With that in mind, I eagerly registered and confirmed two attendees, my husband and myself. Although my husband was unaware at this point that he was going, I was sure he would agree, this endeavor was well worth the effort. I failed to tell him, it was six to midnight the first day and ten in the morning to potentially midnight the next day. He didn’t ask, however.
We arrived at the Hattery and took a seat. It was a rather casual scene; plenty of food and energy drinks were served. It started promptly at 7, mind you, it was supposed to start at 6; it was only later that I found out, we were supposed to be mingling between 6-7, rookie mistakes.
Alex Donn from the AT&T Developer Program gave us the details of the event. Everyone present walked to the front and introduced themselves and said whether they were programmers, designers, marketing gurus, idea people (me) and so on.
Now it was time to make connections and build a team.
The first person we met was Gabriel Adauto, an iOS developer from “Motion Math”, wow; we were off to a great start. I pitched my app idea, and he was on board. Next, time to look for a designer. We pitched our idea to Rachel Blue; she was on board as well. As I was detailing the app idea to Rachel, a guy off to the left, Lance Vikaros, a game designer, listened in; he was interested and wanted to contribute. With that our team was formed, so we thought. A young man, full of energy, approached the group and inquired about the project. Come to find out, Jay Zalowitz was the last member of our team.
This being my first hackathon I was unsure of what t expect next. A seasoned team member explained the sequence of events; I was told that the hardest part was killing babies. What! Killing babies! We’ll come back to this term.
The team gathered around a white board and created the flow of the app. Scenes, scripts and features were discussed. Due to the time constraints, some of my important app features had to be dropped. It was painfully hard to accept the fact; I had to choose which ones were dropped knowing that all were equally important. Hence the term “killing babies.”

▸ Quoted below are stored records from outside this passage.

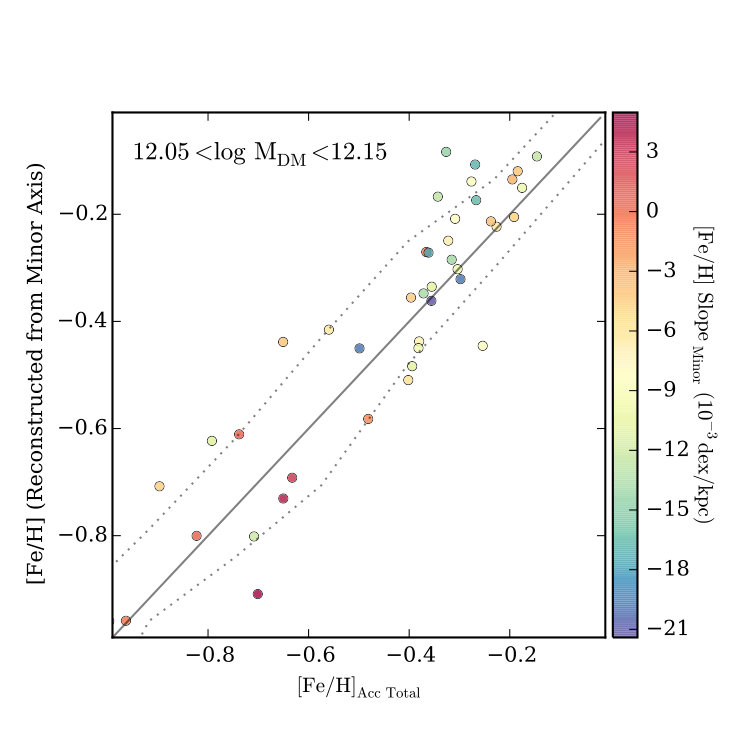 Figure 21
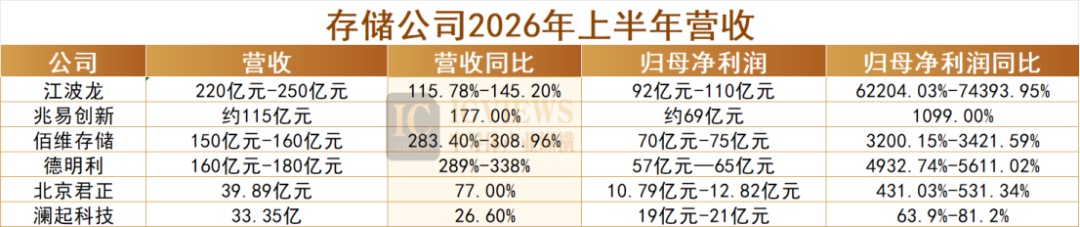 净利暴增744倍,半导体公司谁在疯狂吸金?图5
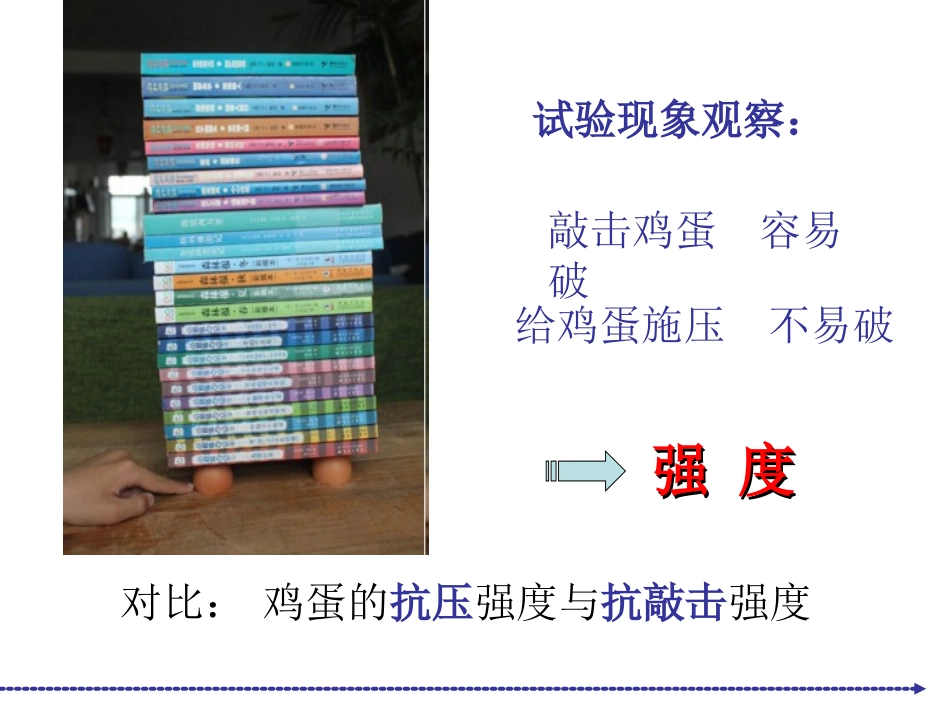 三、影响结构强度的因素_第2页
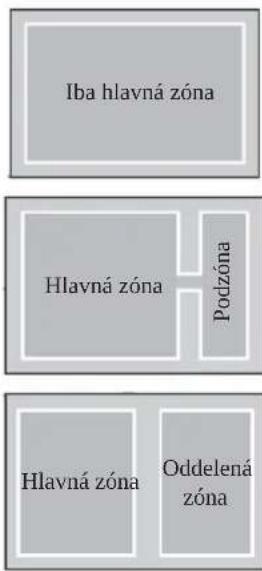 Iba hlavná zóna Hlavná zóna Podzóna Hlavná zóna Oddelená zóna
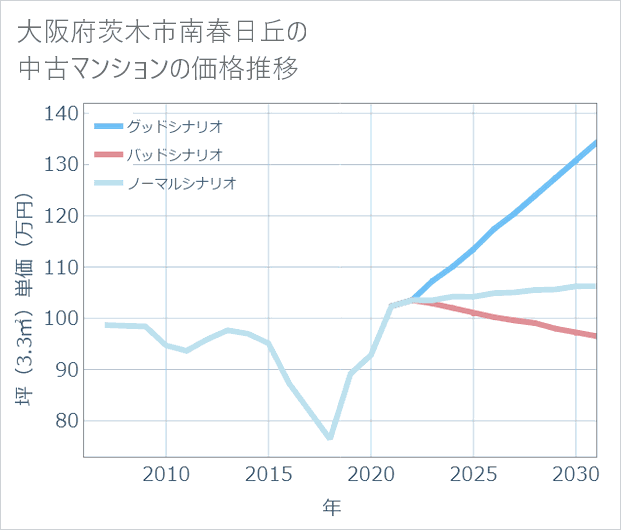 大阪府茨木市南春日丘の中古マンション価格推移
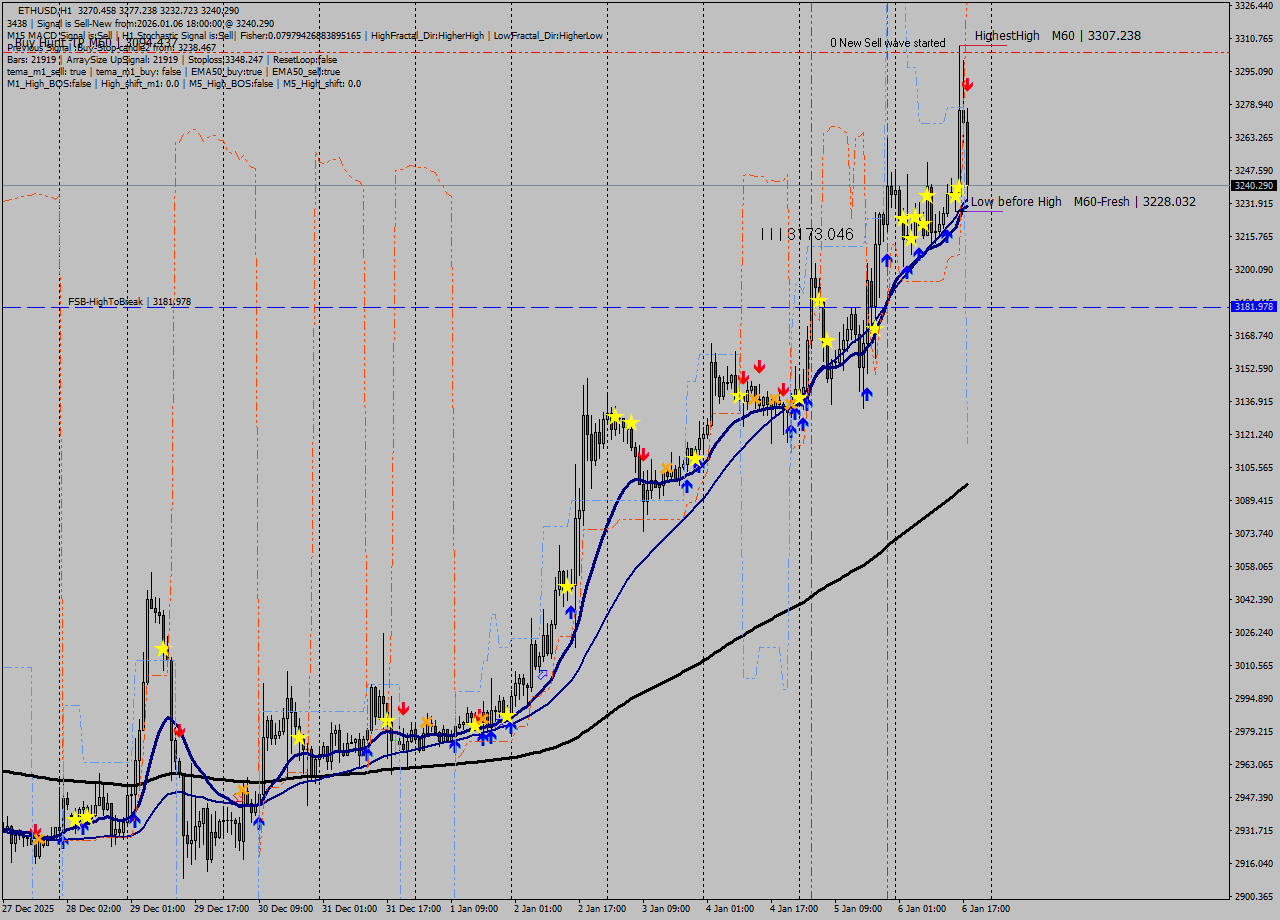ETHUSD MTF analysis at 2026.01.06 18:44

It was approaching midnight so we agreed to continue work from home and communicate using Google+ Hangout. With work delegated, each team member got busy. For someone who can’t stay up past 10pm I was doing pretty good considering the clock was telling me it was half past two in the morning.

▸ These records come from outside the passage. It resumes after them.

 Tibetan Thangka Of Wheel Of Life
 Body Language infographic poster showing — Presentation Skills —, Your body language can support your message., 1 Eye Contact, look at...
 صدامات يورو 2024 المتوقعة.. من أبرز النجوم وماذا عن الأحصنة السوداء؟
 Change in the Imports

The next morning we all convened at the Hattery at 10am. Everyone was nose deep into their computers only coming up briefly for a bite to eat or ask for files they needed from other team members. I was busy working on the presentation due a 6pm. The app slowly came together. By 6pm the finishing touches were being implemented.
At six in evening, it was time to present. A total of twenty-seven teams were presenting their work. The apps presented that night were nothing short of amazing. Amazing because to produce an app from scratch to a presentable piece in one day is an incredible amount of work. All those energy drinks make sense now.
Our app “MakingAFriend” was a winner. We made the app’s code available as open source so that anyone could use or improve on it, our way of giving back to the community and doing our part in doing social good.
This past weekend I met an amazing group of people doing great things for a great cause, I am happy that I got the opportunity to be part of it. I look forward to doing it again.
Here are the app details:
Name of the app: MakingAFriend
Device intended for: iPad
Making Friend will give individuals the practice and confidence needed to meet new people and build relationships. Through “game-like” activity individuals can practice interpreting facial expression, body language, personal hygiene, self-regulation and social pragmatic skills of initiating and maintaining appropriate conversations. Earn confidence points while making new friends.
Designed to meet the needs of everyone with three levels of play and multiple language choices.